Emery Schools Drop Precipitously: Now Below Oakland Unified

Emery Ranks Last in East Bay

Three Straight Years of Lowering Test Scores 
Yields Second Worst District in Bay Area Status

Emery Unified School District is reeling after the State of California finally released last spring’s academic testing data, revealing its drop in its ranking to the lowest in the East Bay as test scores have fallen for the third straight year according to the annually conducted California Assessment of Student Progress and Performance (CAASPP).  The bad news for Emery was presaged by a ‘sneak peak’ in mid September when three year Emery Superintendent of the Schools John Rubio, pre-released some of the test score data, possibly with an eye to soften the blow of the precipitous drop in ranking as compared with neighboring school districts shown by the CAASPP report.
 Despite Superintendent Rubio’s attempt to spin the bad news, on his watch, academic performance at Emery has consistently dropped, records show.  

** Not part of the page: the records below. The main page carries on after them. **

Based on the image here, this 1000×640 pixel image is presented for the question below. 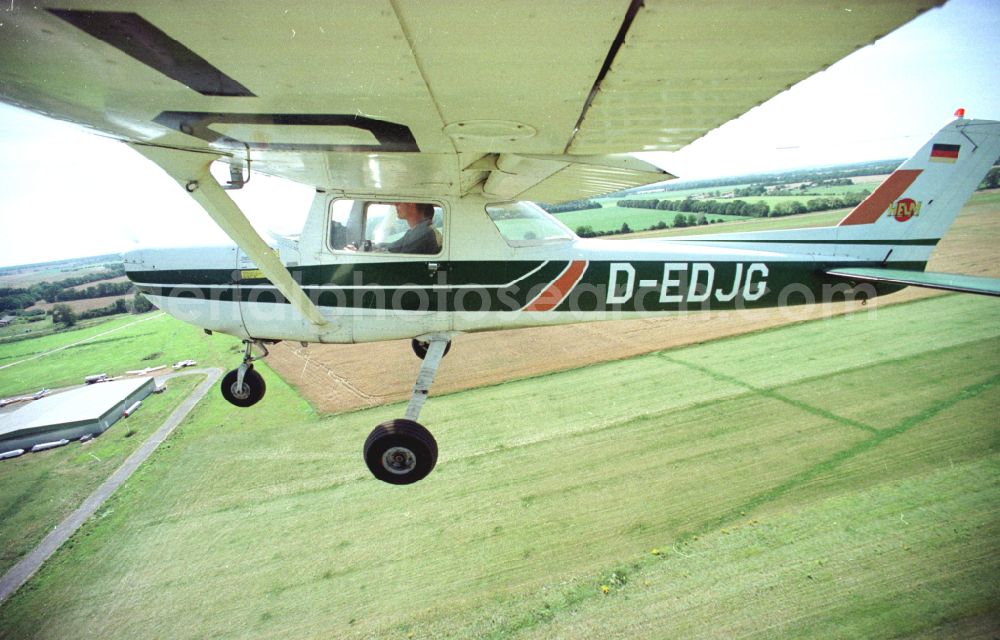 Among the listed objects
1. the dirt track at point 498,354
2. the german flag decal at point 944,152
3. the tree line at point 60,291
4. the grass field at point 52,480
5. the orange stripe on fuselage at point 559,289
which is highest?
the german flag decal at point 944,152

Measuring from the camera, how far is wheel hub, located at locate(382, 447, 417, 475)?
11.7 ft

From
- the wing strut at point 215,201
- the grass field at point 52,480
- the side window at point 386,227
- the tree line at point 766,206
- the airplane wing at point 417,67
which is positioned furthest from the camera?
the tree line at point 766,206

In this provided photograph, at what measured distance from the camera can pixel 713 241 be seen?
4.99 m

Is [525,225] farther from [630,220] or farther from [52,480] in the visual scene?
[630,220]

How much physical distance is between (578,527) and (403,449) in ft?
7.39

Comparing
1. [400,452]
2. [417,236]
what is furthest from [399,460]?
[417,236]

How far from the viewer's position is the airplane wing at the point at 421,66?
39.9 inches

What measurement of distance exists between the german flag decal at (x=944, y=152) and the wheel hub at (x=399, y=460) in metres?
6.77

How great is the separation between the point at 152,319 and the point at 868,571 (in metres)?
20.5

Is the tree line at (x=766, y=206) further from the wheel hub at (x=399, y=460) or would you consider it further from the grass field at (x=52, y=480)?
the grass field at (x=52, y=480)

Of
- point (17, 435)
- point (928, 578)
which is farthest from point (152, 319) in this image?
point (928, 578)

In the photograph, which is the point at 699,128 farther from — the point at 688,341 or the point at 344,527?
the point at 688,341

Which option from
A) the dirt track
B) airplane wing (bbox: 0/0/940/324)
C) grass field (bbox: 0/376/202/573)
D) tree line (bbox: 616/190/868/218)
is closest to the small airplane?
airplane wing (bbox: 0/0/940/324)

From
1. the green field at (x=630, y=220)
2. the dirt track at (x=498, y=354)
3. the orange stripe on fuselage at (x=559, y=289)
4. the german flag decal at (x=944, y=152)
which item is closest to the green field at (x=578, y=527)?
the dirt track at (x=498, y=354) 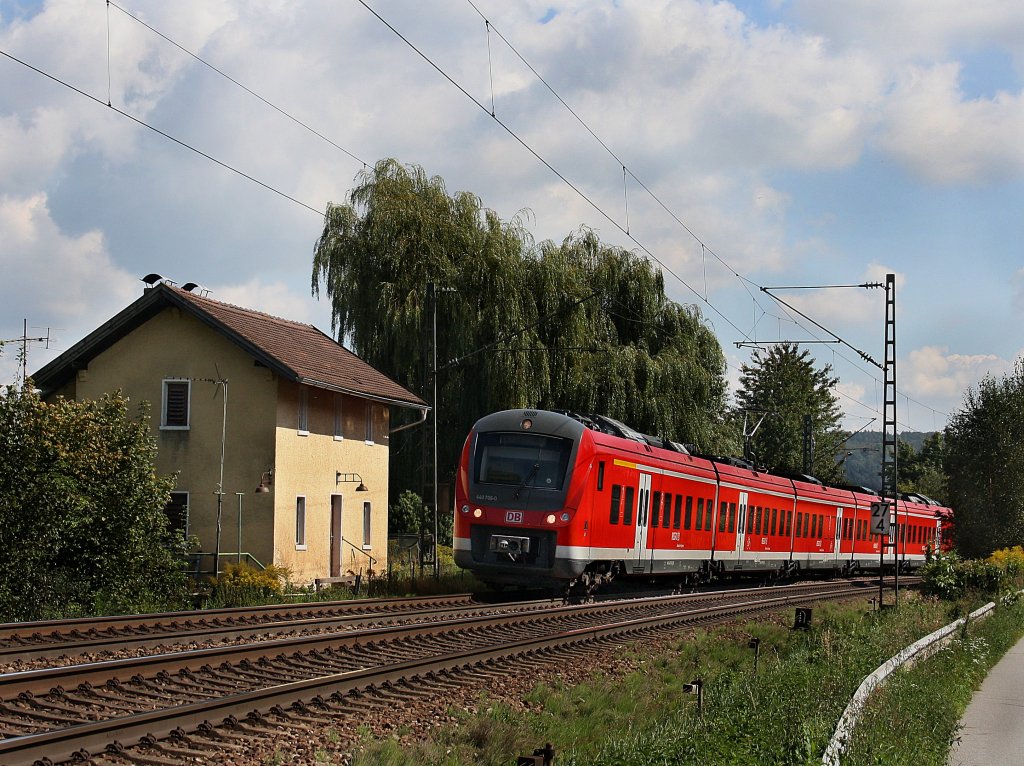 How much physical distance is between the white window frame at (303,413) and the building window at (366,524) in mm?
4146

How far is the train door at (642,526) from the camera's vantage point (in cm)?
2495

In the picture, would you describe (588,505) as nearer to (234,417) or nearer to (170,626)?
(170,626)

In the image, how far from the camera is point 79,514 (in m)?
21.8

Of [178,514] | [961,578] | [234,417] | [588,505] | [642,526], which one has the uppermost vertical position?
[234,417]

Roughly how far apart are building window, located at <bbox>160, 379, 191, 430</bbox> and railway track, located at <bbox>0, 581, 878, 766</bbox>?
43.4ft

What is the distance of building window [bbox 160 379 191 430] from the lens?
95.7 feet

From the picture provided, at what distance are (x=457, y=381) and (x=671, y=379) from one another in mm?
8304

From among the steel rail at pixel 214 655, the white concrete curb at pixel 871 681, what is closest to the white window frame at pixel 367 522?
the steel rail at pixel 214 655

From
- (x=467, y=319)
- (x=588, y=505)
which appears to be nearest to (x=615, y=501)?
(x=588, y=505)

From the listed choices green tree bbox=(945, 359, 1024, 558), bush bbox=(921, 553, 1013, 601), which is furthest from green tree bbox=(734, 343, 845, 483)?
bush bbox=(921, 553, 1013, 601)

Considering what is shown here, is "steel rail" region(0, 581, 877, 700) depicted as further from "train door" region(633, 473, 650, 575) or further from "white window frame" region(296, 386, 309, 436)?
"white window frame" region(296, 386, 309, 436)

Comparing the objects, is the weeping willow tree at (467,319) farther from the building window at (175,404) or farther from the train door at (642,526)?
the train door at (642,526)

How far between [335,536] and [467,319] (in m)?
9.93

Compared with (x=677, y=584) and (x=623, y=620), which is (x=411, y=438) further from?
(x=623, y=620) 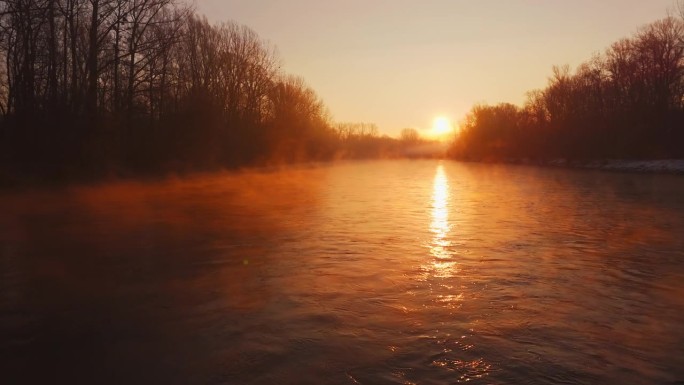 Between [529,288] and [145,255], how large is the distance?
22.9 feet

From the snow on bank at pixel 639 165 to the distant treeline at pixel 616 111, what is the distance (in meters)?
1.75

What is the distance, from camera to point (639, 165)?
1886 inches

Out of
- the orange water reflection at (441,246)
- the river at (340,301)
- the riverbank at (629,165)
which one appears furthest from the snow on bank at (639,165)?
the river at (340,301)

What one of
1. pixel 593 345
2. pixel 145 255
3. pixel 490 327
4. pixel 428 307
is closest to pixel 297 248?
pixel 145 255

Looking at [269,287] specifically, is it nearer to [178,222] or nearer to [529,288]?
[529,288]

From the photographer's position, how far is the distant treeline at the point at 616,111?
5122cm

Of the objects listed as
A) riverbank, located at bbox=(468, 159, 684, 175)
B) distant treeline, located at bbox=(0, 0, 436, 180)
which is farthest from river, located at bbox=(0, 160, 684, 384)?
riverbank, located at bbox=(468, 159, 684, 175)

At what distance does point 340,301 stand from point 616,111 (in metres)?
59.5

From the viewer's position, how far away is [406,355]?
522 centimetres

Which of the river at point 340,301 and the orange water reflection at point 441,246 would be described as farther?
the orange water reflection at point 441,246

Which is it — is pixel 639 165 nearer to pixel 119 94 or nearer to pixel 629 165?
pixel 629 165

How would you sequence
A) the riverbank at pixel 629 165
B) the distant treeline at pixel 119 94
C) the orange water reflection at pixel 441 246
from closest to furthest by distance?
the orange water reflection at pixel 441 246
the distant treeline at pixel 119 94
the riverbank at pixel 629 165

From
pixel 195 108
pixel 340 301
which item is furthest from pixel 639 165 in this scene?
pixel 340 301

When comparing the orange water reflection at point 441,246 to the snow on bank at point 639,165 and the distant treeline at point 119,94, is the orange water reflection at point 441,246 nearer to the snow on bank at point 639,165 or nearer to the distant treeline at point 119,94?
the distant treeline at point 119,94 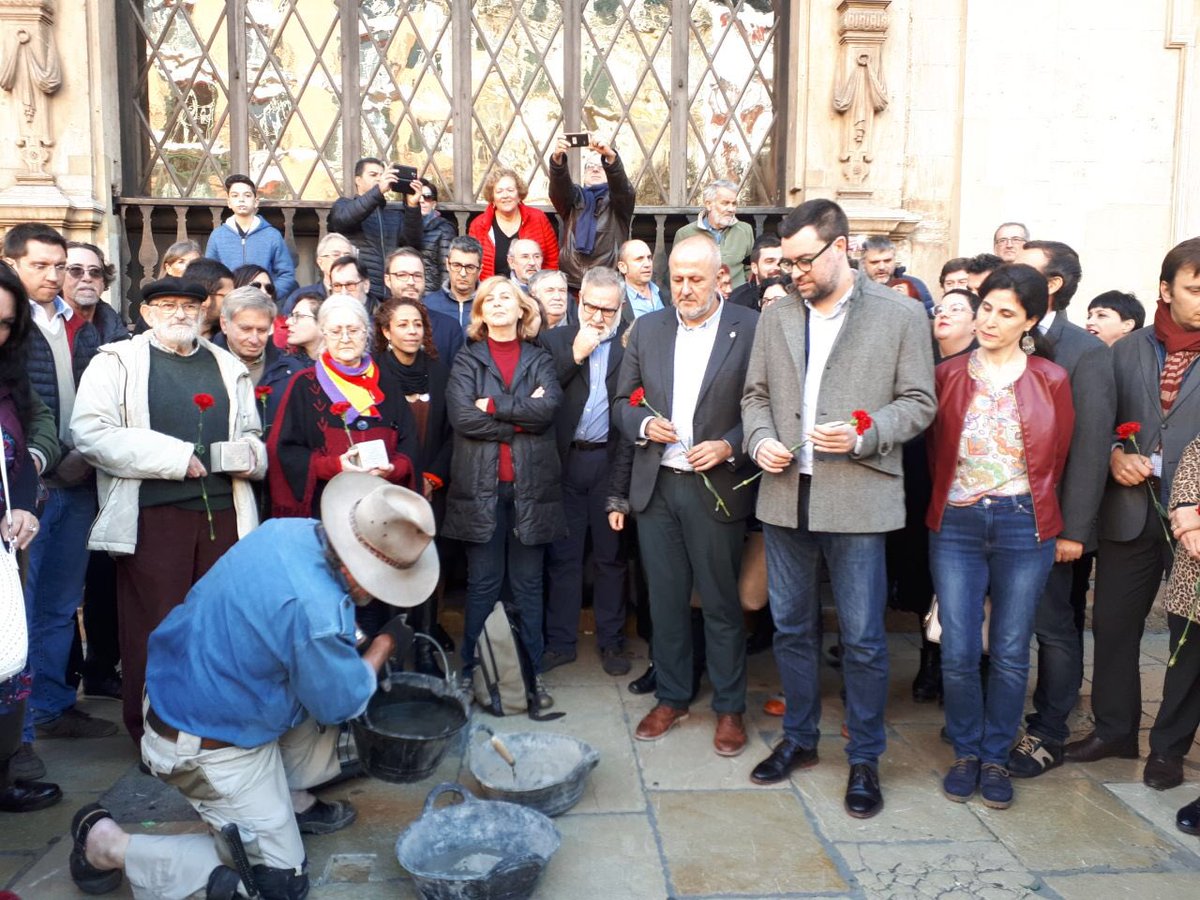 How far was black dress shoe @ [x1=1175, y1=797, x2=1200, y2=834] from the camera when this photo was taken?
3.80 m

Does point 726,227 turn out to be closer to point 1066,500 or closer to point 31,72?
point 1066,500

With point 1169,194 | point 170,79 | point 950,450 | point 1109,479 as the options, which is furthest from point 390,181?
point 1169,194

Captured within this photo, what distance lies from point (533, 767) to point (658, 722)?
742 millimetres

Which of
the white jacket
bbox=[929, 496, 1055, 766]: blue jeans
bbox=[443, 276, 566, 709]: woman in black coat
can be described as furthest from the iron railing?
bbox=[929, 496, 1055, 766]: blue jeans

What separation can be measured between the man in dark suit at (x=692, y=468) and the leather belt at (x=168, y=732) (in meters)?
1.95

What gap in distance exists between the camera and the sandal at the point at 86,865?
3332 mm

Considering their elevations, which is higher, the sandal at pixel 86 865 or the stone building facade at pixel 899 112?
the stone building facade at pixel 899 112

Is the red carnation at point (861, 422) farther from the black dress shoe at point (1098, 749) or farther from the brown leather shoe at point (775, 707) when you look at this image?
the black dress shoe at point (1098, 749)

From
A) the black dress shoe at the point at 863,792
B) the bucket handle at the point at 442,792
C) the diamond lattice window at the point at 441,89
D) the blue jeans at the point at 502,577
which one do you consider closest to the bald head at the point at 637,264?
the blue jeans at the point at 502,577

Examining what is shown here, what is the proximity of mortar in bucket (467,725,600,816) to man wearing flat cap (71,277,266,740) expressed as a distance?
4.60 ft

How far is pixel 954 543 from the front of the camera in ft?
13.2

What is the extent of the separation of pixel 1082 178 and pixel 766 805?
6.30 metres

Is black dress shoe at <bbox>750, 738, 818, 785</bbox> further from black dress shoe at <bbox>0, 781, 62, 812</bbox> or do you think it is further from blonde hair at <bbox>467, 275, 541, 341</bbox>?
black dress shoe at <bbox>0, 781, 62, 812</bbox>

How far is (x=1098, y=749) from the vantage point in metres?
4.42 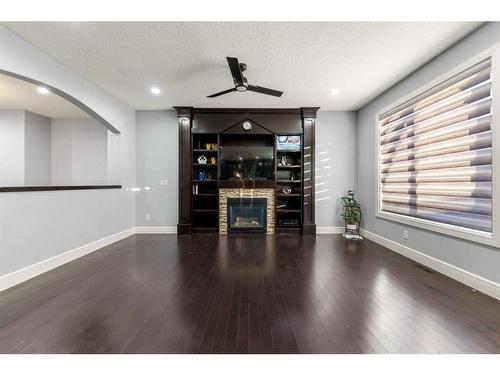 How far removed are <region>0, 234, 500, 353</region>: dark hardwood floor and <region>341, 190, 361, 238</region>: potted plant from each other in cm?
140

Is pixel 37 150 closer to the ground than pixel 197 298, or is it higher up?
higher up

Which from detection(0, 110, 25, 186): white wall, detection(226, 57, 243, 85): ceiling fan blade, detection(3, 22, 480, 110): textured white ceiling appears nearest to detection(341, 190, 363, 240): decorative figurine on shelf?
detection(3, 22, 480, 110): textured white ceiling

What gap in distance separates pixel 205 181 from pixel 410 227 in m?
3.94

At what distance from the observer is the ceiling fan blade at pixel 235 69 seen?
2.54 metres

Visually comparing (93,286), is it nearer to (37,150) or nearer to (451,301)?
(451,301)

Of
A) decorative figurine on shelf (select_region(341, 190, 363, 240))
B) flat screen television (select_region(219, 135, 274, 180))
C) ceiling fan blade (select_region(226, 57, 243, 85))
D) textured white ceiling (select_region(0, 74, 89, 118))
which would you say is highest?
textured white ceiling (select_region(0, 74, 89, 118))

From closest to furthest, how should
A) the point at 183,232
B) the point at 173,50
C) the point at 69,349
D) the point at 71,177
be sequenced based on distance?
1. the point at 69,349
2. the point at 173,50
3. the point at 183,232
4. the point at 71,177

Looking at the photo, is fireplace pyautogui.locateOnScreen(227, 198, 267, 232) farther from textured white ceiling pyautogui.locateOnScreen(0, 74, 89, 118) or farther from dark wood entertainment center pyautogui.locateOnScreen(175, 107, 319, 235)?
textured white ceiling pyautogui.locateOnScreen(0, 74, 89, 118)

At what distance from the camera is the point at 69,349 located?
4.84 feet

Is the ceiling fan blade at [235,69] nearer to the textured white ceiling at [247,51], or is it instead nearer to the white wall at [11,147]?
the textured white ceiling at [247,51]

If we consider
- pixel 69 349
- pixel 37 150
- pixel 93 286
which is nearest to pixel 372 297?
pixel 69 349

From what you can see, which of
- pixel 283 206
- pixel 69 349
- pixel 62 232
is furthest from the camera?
pixel 283 206

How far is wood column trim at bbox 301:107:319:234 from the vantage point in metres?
5.00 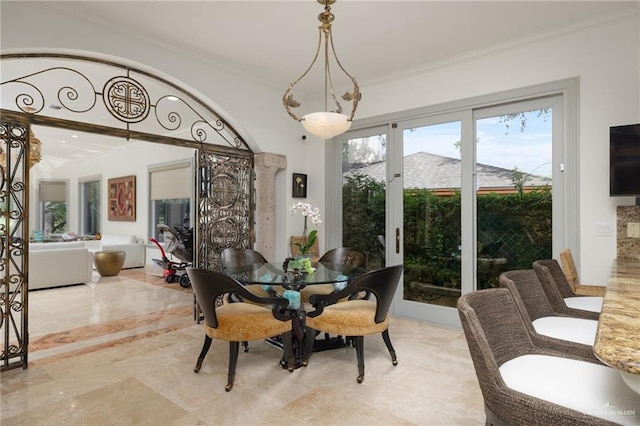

The data just released by Sacramento shows an Emery Unified School District in crisis academically.  The district has become the worst scoring in the East Bay, ranking now lower than districts it was above just four years ago including West Contra County, Pittsburg, San Leandro, Hayward and Oakland (who improved their scores last year).  A quick purview of districts throughout the entire Bay Area shows Emery as second only to Ravenswood Unified in East Palo Alto, a district that consistently ranks as among the lowest in the entire state.

The test score data was announced by City Council member Christian Patz at the City/Schools meeting on Wednesday at the ECCL campus.  Mr Patz made the announcement, which included a handout he furnished, as part of a point he was making as the district was pressing its case for installing a police officer at the ECCL campus, a tangent for that agenda item.  Mr Rubio had earlier, during agenda negotiations for the meeting,  refused to allow any CAASPP test data discussion as an agenda item for the Committee.  The Superintendent, who appeared visibly annoyed by Mr Patz’s action, nonetheless refused to answer Tattler questions about why the testing data should not be an agenda item for the Committee.  It should be noted that the City/Schools Committee, a liaison group consisting of all the elected officials of Emeryville (the City Council and the School Board), invests itself with helping provide "quality education" as one of its goals. 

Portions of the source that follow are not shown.